Work instruction:
Below are the entries; give again exactly the lines from the one mentioning "USG in gall bladder pathologies" through the one mentioning "mikroorganizma fotoğrafı mikroskopla", inclusive.

(Web page caption snippets)
□ □ □ □ □
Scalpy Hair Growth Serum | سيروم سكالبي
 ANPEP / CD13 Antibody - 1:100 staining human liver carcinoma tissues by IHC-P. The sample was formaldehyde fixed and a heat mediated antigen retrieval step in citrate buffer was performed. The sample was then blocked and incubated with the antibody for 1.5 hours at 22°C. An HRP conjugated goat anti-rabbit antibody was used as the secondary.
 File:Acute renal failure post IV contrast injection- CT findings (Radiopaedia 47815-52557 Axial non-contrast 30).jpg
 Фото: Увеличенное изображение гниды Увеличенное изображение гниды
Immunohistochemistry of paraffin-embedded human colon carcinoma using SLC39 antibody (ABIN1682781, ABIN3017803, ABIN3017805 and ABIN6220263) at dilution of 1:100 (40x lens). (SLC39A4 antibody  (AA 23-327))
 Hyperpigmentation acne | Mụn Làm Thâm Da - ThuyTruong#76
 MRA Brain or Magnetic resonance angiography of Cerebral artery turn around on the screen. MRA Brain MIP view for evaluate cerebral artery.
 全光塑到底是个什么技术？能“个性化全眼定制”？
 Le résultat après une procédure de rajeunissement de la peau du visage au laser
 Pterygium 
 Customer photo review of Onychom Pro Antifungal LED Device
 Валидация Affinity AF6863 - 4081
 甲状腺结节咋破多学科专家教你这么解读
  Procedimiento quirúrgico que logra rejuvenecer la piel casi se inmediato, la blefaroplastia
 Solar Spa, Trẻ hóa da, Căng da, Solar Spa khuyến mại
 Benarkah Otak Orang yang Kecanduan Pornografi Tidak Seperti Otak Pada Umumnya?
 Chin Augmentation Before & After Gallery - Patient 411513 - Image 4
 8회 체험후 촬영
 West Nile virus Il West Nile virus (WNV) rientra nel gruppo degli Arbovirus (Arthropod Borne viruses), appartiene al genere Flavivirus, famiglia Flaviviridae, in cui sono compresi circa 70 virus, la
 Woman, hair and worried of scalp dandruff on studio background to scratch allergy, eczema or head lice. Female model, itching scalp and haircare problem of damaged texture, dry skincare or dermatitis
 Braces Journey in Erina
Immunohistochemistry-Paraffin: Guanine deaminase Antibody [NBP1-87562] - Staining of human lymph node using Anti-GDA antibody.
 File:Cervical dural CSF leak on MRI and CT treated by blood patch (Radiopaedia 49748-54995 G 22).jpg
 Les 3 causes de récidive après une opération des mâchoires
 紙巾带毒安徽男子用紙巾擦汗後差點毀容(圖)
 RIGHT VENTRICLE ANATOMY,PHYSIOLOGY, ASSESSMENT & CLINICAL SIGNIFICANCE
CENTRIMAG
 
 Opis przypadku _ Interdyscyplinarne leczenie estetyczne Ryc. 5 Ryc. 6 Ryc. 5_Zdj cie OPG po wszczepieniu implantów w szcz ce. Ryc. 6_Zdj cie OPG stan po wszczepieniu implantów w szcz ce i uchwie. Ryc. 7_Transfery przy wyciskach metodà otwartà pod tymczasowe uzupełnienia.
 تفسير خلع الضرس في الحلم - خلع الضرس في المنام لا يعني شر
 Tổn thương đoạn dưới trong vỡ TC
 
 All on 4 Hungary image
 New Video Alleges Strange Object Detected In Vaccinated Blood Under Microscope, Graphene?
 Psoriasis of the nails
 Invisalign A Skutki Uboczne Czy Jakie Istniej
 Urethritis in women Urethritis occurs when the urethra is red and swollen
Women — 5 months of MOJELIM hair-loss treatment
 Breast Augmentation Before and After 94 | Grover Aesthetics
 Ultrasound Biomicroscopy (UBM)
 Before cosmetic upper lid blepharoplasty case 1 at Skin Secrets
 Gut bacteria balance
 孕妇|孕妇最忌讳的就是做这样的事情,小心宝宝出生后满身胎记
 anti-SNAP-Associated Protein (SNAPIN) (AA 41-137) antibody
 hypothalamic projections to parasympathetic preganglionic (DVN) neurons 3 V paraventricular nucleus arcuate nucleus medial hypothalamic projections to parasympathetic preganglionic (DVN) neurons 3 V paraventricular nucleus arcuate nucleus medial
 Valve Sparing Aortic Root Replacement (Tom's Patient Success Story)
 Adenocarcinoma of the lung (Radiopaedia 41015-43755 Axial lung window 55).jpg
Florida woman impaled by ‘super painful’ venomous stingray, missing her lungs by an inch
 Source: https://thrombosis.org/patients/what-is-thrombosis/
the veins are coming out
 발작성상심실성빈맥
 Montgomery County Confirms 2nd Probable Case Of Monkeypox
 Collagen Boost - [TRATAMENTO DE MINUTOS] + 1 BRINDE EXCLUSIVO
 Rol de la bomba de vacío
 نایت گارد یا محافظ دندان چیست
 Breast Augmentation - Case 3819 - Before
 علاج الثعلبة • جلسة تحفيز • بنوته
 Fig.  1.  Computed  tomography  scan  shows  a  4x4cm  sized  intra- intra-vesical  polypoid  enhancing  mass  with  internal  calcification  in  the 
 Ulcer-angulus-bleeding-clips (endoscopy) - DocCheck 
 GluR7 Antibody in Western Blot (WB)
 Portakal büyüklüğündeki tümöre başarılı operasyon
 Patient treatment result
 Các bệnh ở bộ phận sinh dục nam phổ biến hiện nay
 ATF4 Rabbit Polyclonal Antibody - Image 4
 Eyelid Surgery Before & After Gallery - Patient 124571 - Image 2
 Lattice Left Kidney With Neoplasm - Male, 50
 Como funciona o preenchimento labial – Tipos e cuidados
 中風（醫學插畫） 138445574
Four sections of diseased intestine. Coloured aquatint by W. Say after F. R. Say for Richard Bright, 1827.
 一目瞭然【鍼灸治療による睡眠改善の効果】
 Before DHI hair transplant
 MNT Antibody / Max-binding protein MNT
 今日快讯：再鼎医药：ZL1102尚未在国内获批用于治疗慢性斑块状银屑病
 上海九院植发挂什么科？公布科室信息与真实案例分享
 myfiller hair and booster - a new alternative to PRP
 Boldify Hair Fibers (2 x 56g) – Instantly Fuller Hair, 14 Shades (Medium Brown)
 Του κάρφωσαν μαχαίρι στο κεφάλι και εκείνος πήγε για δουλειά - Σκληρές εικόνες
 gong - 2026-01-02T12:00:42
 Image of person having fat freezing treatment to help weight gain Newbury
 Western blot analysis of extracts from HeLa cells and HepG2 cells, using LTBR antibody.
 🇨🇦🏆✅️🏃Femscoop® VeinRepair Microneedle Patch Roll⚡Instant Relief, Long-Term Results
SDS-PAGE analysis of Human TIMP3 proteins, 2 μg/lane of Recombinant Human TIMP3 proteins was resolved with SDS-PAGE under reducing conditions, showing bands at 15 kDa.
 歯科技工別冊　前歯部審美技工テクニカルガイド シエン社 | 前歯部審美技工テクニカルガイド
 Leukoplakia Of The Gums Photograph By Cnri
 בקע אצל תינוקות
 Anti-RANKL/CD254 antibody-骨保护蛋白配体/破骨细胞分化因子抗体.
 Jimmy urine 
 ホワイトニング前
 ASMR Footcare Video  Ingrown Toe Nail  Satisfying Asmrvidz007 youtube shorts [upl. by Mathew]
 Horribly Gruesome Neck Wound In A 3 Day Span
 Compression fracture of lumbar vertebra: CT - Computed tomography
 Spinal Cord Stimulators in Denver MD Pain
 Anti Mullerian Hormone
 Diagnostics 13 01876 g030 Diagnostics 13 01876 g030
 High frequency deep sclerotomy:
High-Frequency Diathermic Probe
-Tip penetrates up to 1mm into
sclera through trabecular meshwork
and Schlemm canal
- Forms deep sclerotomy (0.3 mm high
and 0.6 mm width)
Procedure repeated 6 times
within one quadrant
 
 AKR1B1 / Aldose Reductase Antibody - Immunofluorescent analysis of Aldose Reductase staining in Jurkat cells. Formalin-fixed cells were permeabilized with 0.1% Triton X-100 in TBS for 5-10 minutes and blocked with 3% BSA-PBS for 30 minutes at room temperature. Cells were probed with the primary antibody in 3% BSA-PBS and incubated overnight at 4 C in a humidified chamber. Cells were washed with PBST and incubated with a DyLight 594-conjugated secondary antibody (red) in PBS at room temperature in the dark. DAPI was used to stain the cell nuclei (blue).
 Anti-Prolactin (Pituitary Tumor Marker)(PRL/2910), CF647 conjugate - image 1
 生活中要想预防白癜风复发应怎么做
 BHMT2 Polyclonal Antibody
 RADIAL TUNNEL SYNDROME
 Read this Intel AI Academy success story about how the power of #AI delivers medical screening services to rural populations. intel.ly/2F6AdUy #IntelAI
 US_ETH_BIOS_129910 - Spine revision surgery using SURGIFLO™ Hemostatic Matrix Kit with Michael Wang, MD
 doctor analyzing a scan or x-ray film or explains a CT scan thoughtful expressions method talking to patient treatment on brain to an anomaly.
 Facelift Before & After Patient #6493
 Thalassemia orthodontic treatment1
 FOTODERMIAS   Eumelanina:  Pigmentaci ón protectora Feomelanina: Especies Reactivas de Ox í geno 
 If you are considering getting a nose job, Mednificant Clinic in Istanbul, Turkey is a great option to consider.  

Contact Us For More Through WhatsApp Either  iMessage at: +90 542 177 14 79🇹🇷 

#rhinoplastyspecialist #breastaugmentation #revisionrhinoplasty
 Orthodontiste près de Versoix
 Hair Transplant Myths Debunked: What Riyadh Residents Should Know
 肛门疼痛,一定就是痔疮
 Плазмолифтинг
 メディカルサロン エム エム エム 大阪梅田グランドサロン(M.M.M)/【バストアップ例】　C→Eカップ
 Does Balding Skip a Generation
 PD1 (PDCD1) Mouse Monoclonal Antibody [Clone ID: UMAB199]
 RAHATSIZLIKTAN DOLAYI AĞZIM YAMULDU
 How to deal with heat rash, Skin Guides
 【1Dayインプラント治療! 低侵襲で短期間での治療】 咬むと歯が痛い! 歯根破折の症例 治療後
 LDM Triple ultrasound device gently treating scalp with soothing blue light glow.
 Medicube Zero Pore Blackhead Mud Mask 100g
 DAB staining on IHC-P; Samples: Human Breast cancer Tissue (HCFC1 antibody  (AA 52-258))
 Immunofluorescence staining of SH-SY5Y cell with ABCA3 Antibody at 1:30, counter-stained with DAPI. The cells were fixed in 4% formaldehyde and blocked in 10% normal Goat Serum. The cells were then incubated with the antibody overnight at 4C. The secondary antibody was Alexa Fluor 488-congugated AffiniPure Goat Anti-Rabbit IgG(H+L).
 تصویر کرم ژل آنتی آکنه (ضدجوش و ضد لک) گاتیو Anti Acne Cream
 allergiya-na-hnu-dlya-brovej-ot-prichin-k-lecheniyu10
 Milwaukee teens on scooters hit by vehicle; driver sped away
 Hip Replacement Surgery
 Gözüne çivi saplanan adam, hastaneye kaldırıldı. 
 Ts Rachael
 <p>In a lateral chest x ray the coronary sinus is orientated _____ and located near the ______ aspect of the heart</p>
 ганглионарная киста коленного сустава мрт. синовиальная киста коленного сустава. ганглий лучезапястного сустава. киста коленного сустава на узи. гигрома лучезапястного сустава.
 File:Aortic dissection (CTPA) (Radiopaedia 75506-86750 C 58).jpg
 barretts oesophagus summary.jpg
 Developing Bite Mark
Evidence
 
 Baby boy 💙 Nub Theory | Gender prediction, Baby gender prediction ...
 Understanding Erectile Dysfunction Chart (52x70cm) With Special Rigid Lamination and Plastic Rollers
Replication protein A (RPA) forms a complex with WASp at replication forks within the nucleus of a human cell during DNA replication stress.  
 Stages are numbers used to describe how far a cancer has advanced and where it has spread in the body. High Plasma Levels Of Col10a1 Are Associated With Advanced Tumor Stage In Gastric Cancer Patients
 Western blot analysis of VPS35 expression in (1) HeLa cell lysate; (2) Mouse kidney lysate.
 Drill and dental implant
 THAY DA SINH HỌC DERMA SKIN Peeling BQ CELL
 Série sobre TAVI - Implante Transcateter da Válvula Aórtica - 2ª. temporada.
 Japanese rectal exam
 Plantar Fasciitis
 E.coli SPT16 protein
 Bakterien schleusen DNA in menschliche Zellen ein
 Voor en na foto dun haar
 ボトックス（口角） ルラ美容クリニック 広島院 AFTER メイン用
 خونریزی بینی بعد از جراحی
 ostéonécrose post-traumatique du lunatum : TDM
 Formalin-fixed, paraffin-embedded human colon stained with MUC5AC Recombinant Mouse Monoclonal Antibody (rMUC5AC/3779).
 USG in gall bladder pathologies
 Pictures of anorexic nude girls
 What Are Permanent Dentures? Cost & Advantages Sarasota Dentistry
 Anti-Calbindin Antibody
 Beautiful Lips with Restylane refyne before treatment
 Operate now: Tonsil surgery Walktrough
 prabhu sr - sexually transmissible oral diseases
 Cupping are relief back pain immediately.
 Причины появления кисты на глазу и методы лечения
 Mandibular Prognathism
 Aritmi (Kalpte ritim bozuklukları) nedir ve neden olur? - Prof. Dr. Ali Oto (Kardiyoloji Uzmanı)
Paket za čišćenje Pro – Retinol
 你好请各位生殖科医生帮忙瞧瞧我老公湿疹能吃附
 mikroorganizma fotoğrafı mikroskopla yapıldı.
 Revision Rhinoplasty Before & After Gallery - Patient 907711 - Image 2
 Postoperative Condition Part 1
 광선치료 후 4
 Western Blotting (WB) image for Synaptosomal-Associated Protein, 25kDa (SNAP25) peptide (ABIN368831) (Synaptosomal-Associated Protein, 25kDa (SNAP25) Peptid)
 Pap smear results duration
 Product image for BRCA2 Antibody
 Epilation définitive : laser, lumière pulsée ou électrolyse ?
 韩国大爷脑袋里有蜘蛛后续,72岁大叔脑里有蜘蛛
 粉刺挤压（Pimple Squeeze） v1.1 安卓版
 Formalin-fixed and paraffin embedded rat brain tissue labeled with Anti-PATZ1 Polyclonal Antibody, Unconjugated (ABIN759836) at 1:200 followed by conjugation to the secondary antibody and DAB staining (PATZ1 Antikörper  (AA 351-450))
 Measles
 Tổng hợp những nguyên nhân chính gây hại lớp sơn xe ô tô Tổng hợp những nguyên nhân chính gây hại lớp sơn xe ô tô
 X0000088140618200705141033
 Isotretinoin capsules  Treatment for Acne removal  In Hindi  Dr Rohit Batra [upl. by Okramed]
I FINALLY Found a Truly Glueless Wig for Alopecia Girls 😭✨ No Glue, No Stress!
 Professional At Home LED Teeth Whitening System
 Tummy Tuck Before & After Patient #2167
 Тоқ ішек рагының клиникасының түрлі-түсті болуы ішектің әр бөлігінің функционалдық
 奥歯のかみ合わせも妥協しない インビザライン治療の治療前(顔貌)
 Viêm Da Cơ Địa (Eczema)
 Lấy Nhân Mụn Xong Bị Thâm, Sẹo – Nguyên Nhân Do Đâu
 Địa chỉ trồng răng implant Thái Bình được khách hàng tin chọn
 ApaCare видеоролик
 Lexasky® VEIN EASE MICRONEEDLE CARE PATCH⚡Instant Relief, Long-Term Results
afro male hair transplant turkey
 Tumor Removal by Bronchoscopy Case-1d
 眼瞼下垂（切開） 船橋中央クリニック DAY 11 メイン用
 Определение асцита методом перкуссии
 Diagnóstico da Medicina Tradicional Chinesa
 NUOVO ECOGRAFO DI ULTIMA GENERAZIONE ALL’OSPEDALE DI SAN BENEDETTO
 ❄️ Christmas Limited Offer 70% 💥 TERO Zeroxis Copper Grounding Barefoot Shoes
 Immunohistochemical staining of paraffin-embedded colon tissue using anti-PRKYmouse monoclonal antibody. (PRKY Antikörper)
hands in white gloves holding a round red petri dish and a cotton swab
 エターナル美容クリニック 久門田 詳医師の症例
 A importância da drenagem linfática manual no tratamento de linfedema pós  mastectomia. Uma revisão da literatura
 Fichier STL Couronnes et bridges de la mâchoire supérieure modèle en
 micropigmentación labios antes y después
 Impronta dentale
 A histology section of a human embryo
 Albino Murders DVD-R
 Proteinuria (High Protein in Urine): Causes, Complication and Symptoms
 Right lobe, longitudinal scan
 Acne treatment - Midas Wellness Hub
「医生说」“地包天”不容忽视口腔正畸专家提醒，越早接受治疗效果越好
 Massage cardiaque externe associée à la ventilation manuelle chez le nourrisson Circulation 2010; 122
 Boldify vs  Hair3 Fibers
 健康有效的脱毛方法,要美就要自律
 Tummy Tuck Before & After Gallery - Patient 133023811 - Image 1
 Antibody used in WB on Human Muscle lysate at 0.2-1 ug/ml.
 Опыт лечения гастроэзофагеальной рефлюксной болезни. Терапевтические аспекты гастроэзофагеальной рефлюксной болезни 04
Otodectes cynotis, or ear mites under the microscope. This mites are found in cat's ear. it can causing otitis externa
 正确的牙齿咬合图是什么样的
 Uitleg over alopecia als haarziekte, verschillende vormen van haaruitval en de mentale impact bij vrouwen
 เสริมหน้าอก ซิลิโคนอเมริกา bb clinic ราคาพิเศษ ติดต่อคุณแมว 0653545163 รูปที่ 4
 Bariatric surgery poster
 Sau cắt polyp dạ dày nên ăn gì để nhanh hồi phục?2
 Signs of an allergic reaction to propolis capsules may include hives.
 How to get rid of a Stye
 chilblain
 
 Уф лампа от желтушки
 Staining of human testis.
□ □ □ □ □
Output of the task:
 USG in gall bladder pathologies
 Pictures of anorexic nude girls
 What Are Permanent Dentures? Cost & Advantages Sarasota Dentistry
 Anti-Calbindin Antibody
 Beautiful Lips with Restylane refyne before treatment
 Operate now: Tonsil surgery Walktrough
 prabhu sr - sexually transmissible oral diseases
 Cupping are relief back pain immediately.
 Причины появления кисты на глазу и методы лечения
 Mandibular Prognathism
 Aritmi (Kalpte ritim bozuklukları) nedir ve neden olur? - Prof. Dr. Ali Oto (Kardiyoloji Uzmanı)
Paket za čišćenje Pro – Retinol
 你好请各位生殖科医生帮忙瞧瞧我老公湿疹能吃附
 mikroorganizma fotoğrafı mikroskopla yapıldı.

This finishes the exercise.